The SQL Server Database Engine automatically modifies indexes whenever insert, update, or delete operations are made to the underlying data. Over time these modifications can cause the information in the index to become scattered in the database (fragmented). Fragmentation exists when indexes have pages in which the logical ordering, based on the key value, does not match the physical ordering inside the data file. Heavily fragmented indexes can degrade query performance and cause your application to respond slowly, especially scan operations.
You can remedy index fragmentation by reorganizing or rebuilding an index.
SQL index maintenance guidelines
Now that we have a general idea of what the problem with fragmentation is, let’s focus on how to solve it. We can fix this in two ways. There are pros and cons for both of these ways, and which one we choose will depend on the environment, situation, database size, etc. Both have the same goal and that is achieving the sequential everything:
- Rebuild – this creates a brand-new SQL index. Rebuilding is cleaner, easier and usually much quicker (this is noticeably quicker on a large database). We do lose a little bit of concurrency when doing an online rebuilt because it creates an SCH-M lock and on top of that if you run this during a busy day and it’s sucking up too many resources, you will probably have to cancel the whole operation. This means that it will actually roll-back everything like it was a transaction.
- Reorganize – this fixes physical order and compact pages. Reorganizing is better for concurrency and furthermore, if the operation is canceled like in the example before, it will simply just stop, and we will not lose the work it did right until the moment when it was canceled.
Reorganizing an index uses minimal system resources and is an online operation. This means long-term blocking table locks are not held and queries or updates to the underlying table can continue during the ALTER INDEX REORGANIZE
transaction.
Rebuilding an index drops and re-creates the index. Depending on the type of index and Database Engine version, this can be done online or offline.
Space Required
Rebuilding an index requires building a new index before dropping the old index, regardless of the amount of fragmentation present in the old index. This means you need to have enough free space to accommodate the new index.
Reorganizing an index first squishes the index rows together to try to deallocate some index pages, and then shuffles the remaining pages in place to make their physical (allocation) order the same as the logical (key) order. This only requires a single 8-KB page, as a temporary storage for pages being moved around. So an index reorganize is extremely space efficient.
Algorithm Speed
An index rebuild will always build a new index, even if there’s no fragmentation. The length of time the rebuild takes is related to the size of the index, not the amount of fragmentation in it.
Reorganizing an index only deals with the fragmentation that exists, and the more fragmentation there is, the longer a reorganize will take.
Interruptible or Not
An index rebuild operation cannot be interrupted without it rolling back everything it’s done so far – it’s atomic – all or nothing. In SQL Server 2017, however, there is a resumable-online index rebuild feature.

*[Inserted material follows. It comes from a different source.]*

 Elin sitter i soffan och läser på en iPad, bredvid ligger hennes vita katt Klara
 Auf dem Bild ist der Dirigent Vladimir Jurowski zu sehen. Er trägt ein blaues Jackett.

An index reorganize can be interrupted and the worst that will happen is that a single page move operation is rolled back.
Statistics
An index rebuild will always rebuild the index column statistics with the equivalent of a full scan (or sampled, for an index partition or if the index is partitioned).
An index reorganize does not see a total view of the index and so cannot update statistics, meaning that manual index statistics maintenance is required.
Transaction Log Generated
In the FULL recovery mode, an index rebuild is fully logged, so the transaction log will have to accommodate the full size of the index in a single transaction. This also means the entire generated transaction log may need to be mirrored, sent to your AG replicas, scanned by replication, backed up, and so on.
In the SIMPLE and BULK_LOGGED recovery modes, the amount of transaction log generated by an offline index rebuild will be minimal (online index rebuild is always fully logged) – just the allocations of pages and extents. However, the next log backup performed (either in BULK_LOGGED or after switching to FULL) will also contain all the extents changed by the rebuild, and so the log backup will be roughly the same size as if the rebuild was done in the FULL recovery mode. The benefits are in time and the fact that the transaction log itself does not have to accommodate the full size of the index during the rebuild in a single transaction.
In all recovery modes, reorganizing an index is fully logged, but is performed as a series of small transactions so should not cause the transaction log to grow inordinately. And of course, transaction log is only generated for the operations performed, which may be less for a reorganize as it only deals with fragmentation that exists.
Locks Required
An offline index rebuild of any index holds a schema-modification (i.e. super-exclusive) table lock – no updates or reads of the entire table.
An online index rebuild of any index acquires a short-term shared table lock at the start of the operation, holds an intent-shared table lock throughout the operation (which will only block exclusive and schema-modification table locks), and then acquires a short-term schema-modification table lock at the end of the operation.
An index reorganize holds an intent-exclusive table lock throughout the operation, which will only block shared, exclusive, and schema-modification table locks.